I also mentioned an old book that influenced the academy a lot, but not grassroots Christianity, Christus Victor by Gustav Aulén. Very briefly, he re-examined the main theories of atonement, casting the earliest explanations of Christ’s work in a positive light, and reinstating the importance of seeing the cross as a victory over the powers of evil enslaving mankind. Starting with the old “Ransom Theory” he removed some elements he found objectionable, and arrived at what is known as the “Christus Victor” theory of atonement. This victory over evil is actually a prominent New Testament theme, especially in Paul, which often gets strangely sidelined in our thinking.
In the form I’ve mainly seen it in recent years, I’ve not been much attracted to the Christus Victor theme, because it’s been a popular choice of people rewriting theology in the light of evolution, who hold a bias against the existence of personal forces of evil.
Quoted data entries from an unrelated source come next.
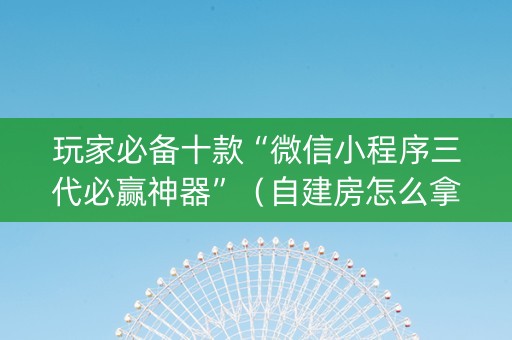 玩家必备十款“微信小程序三代必赢神器”（自建房怎么拿好牌)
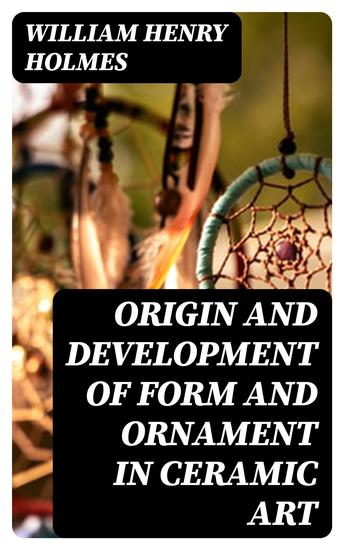 Origin and Development of Form and Ornament in Ceramic Art - cover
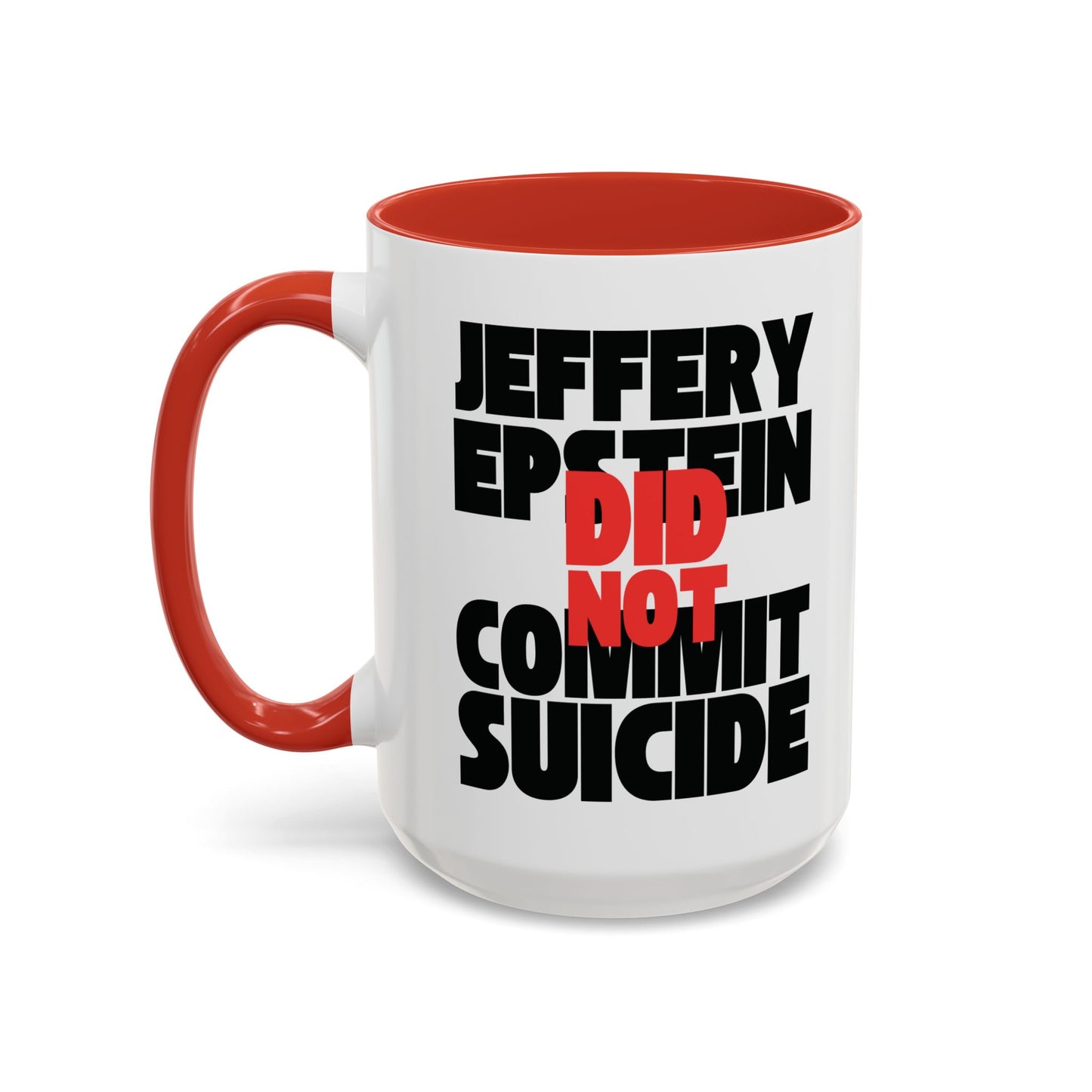 Jeffery Epstein Mug (11, 15oz)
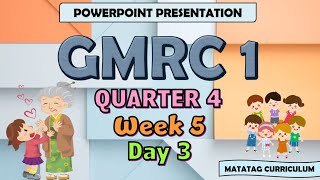 Gmrc 1 Matatag Curriculum Powerpoint Presentation Quarter 4 Week 5 Day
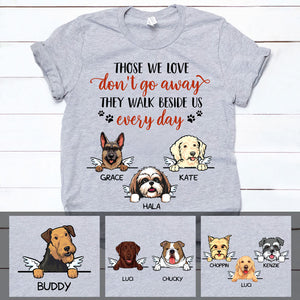 Walk Beside Us Everyday, Custom Dog Memorial T Shirt, Personalized Gifts for Dog Lovers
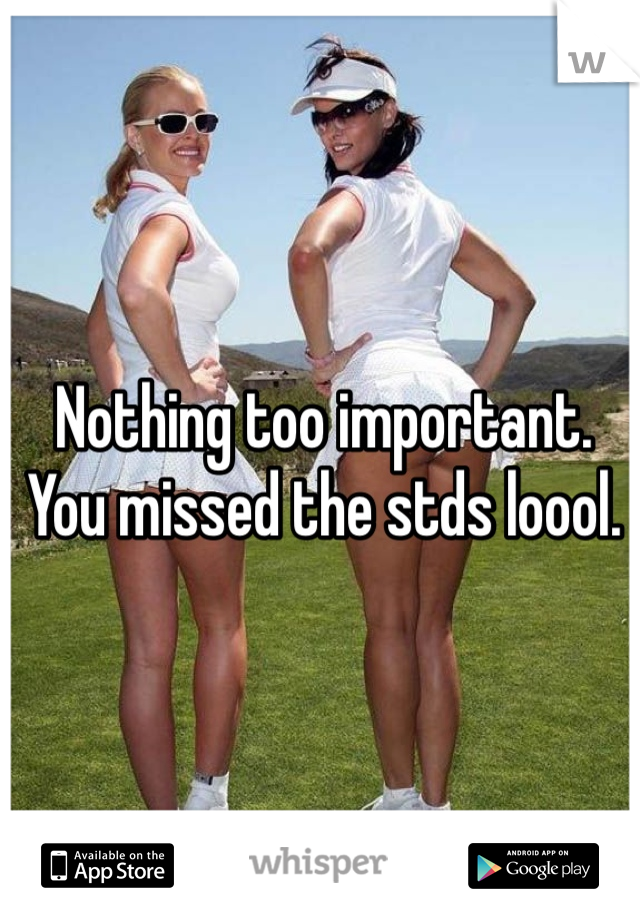 Nothing too important. You missed the stds loool.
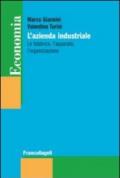 L'azienda industriale. La fabbrica, l'apparato, l'organizzazione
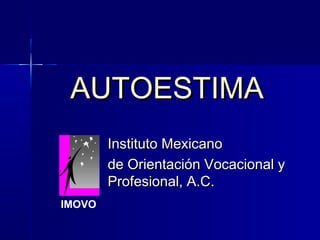 AUTOESTIMAAUTOESTIMA
Instituto MexicanoInstituto Mexicano
de Orientación Vocacional yde Orientación Vocacional y
Profesional, A.C.Profesional, A.C.
IMOVO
The tendency is, in these schemes, to paint them in terms of the kenotic incarnation and death of Christ winning over our created evolutionary heritage of selfishness, somehow teaching the world that self-giving is everything.
This actually renders the evil to be defeated God’s own work of creation. And since it does not really mesh with other themes found in Scripture and theology, notably substitutionary punishment and propitiatory sacrifice, these are simply jettisoned. It has to be said that Aulén himself also treated his “Classical Approach” as an either/or choice intended to displace other aspects of atonement.
But in the New Testament’s authentic Christus Victor theology, the victory is essentially, and specifically, over the wiles of the devil and his angelic followers (“powers and authorities in the heavenly realms”) in causing sin, in order to destroy humanity. It needs Satan to embody the evil that Christ conquers by death and resurrection. Also, it is wrong to emphasise it over against other aspects of the atonement, for it depends on them, which I will attempt to show.
It may help, at this stage, to see what is said in Scripture about Satan’s primary motivations. Starting with the deutero-canonical Wisdom, from (it is thought) just before the New Testament period, we read:
…for God created man for incorruption, and made him in the image of his own eternity, but through the devil’s envy death entered the world, and those who belong to his party experience it. Wisdom 2.23-24
The question then is, of whom did the Jews consider Satan to be envious? Jesus says:
“He was a murderer from the beginning, not holding to the truth, for there is no truth in him. When he lies, he speaks his native language, for he is a liar and the father of lies.” Jn 8:44
“In the beginning” usually seems to carry the implication of “as Scripture describes the beginning”, so that Jesus is here alluding to the garden, in the first place confirming that the serpent is indeed to be identified as Satan, and secondly that his deception had as its motive murder. Putting that together with the Book of Wisdom’s “envy”, we get a divine being consumed with envy of Adam, and using lies and deception with murderous intent. The “murder” would, of course, be achieved by the knowledge that God had ordained death as the penalty for eating from the tree of knowledge: it is comparable to how hatred might cause someone frame a man of a capital offence, so that the judicial system itself becomes the murder weapon.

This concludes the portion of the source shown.